_TASK DETAILS_
Give again, exactly as written, the lines of the records below from the line with "Photo of Livingroom in Brentwood" to the line with "Collier or et perles Hématites". Both end lines count; pictures do not.

_RECORD EXCERPTS_
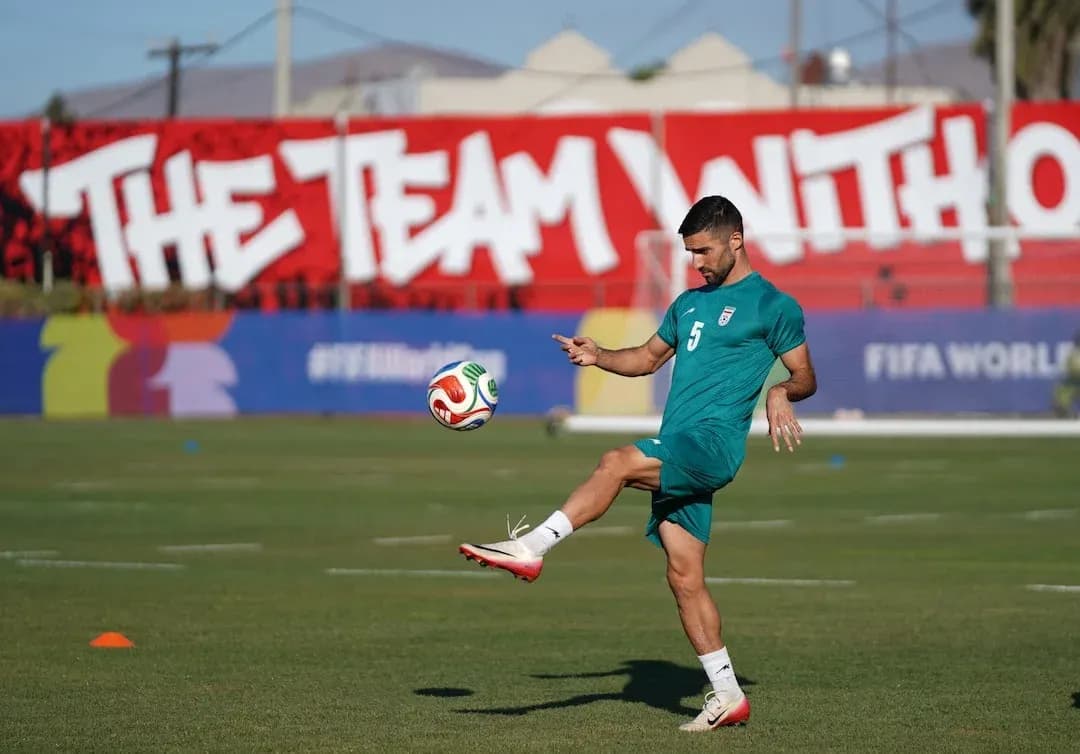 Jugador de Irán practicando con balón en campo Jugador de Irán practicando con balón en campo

--

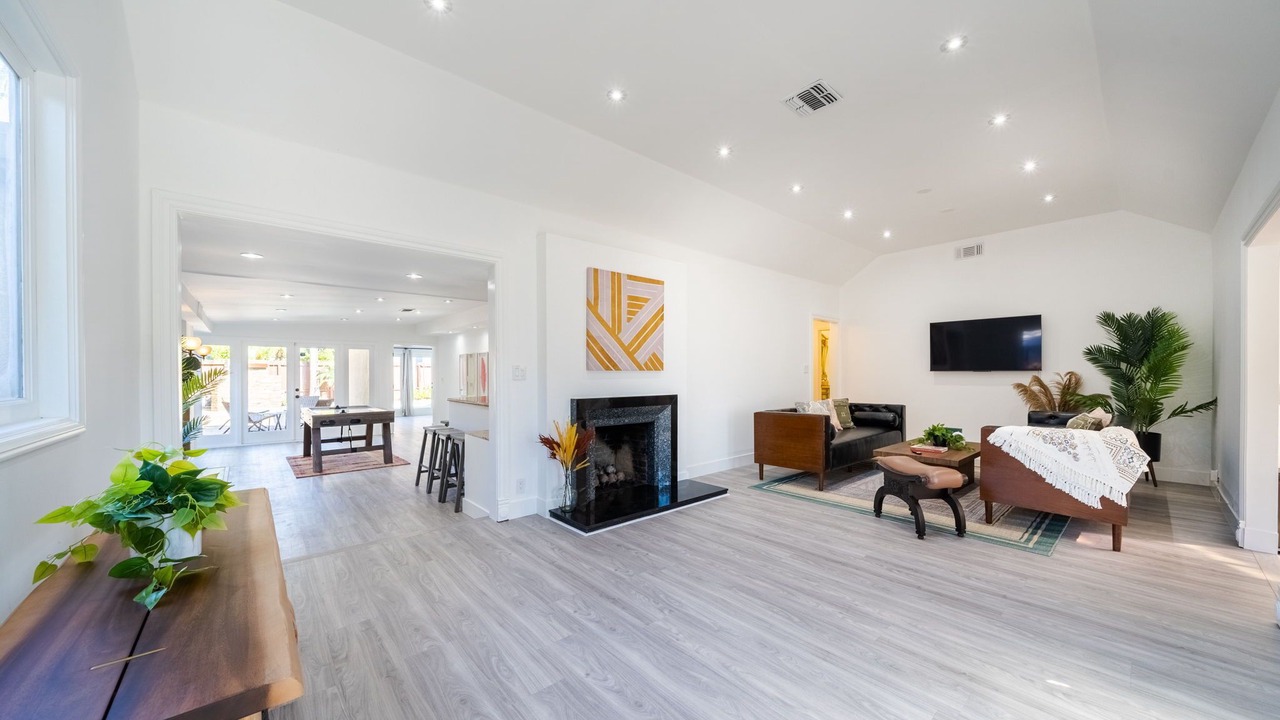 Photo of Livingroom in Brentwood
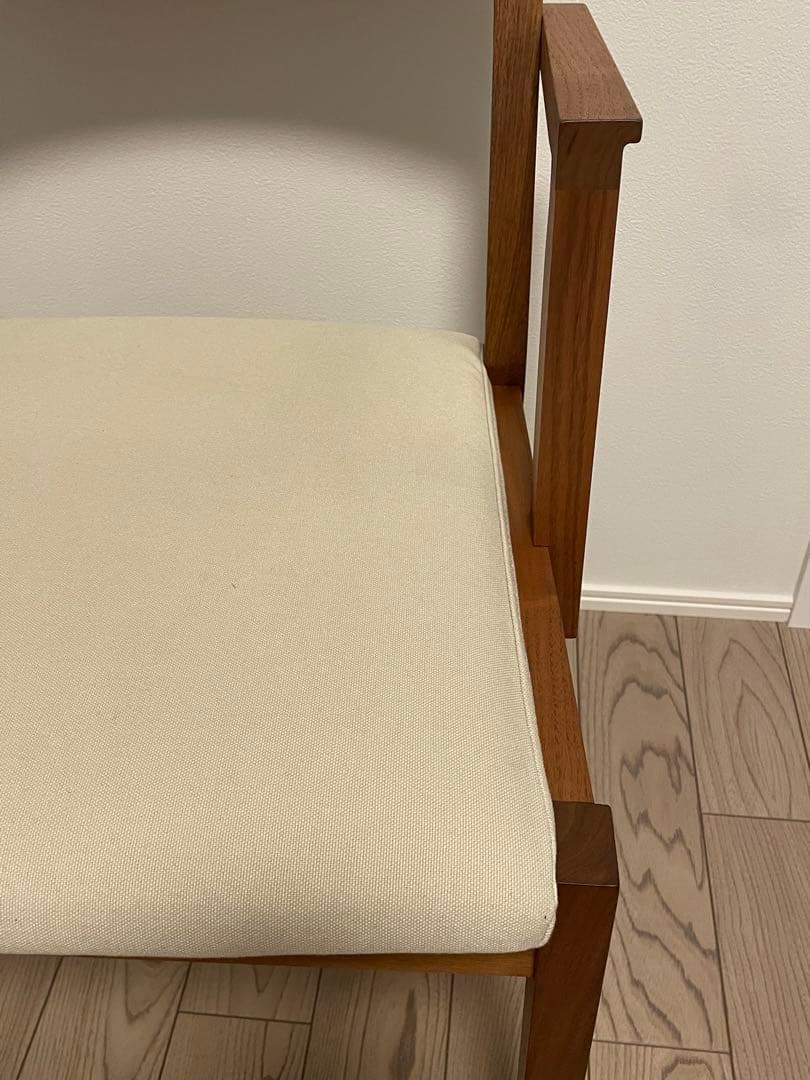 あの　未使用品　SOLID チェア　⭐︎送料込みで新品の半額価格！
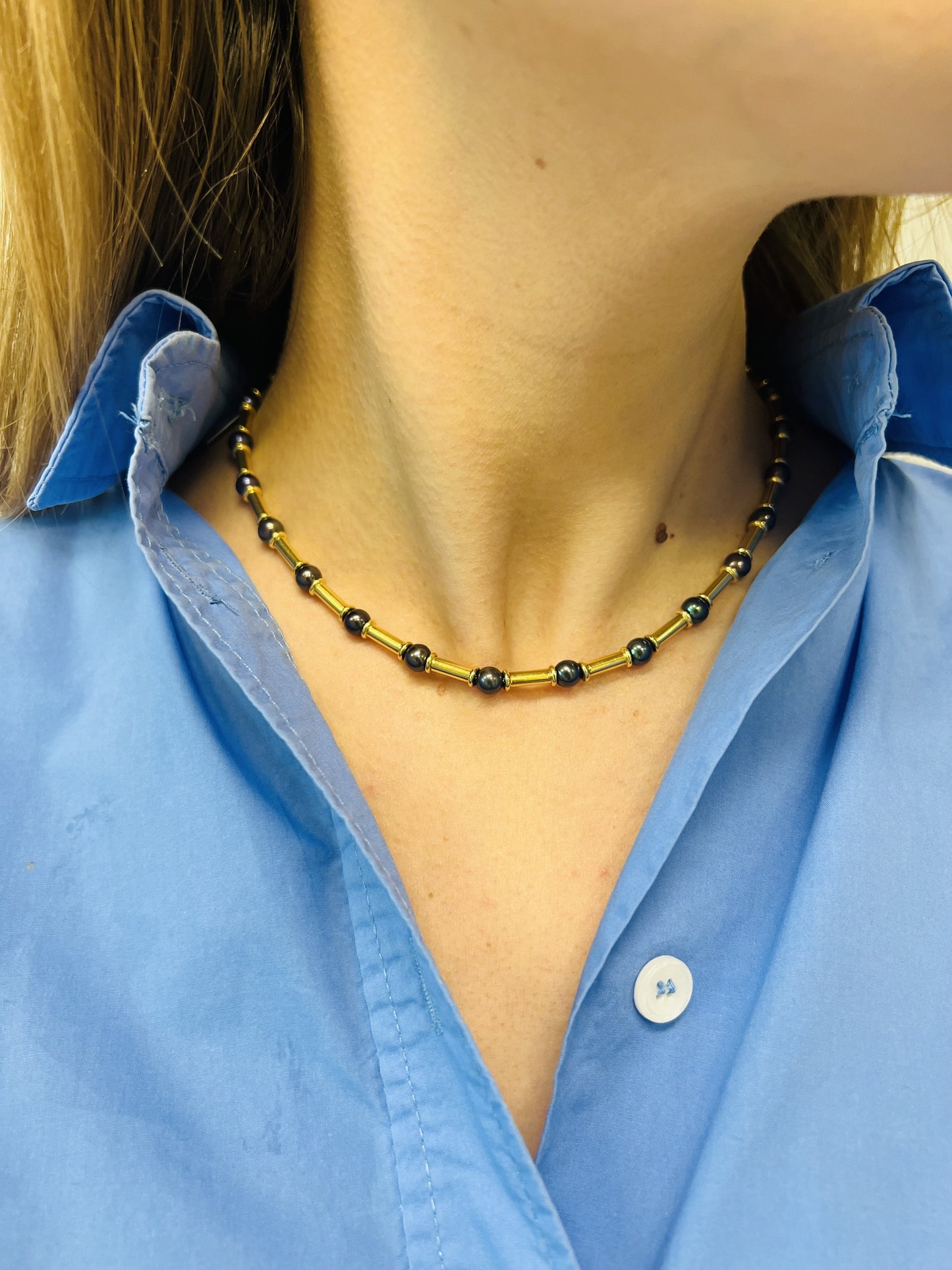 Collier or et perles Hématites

_WRITTEN SOLUTION_
 Photo of Livingroom in Brentwood
 あの　未使用品　SOLID チェア　⭐︎送料込みで新品の半額価格！
 Collier or et perles Hématites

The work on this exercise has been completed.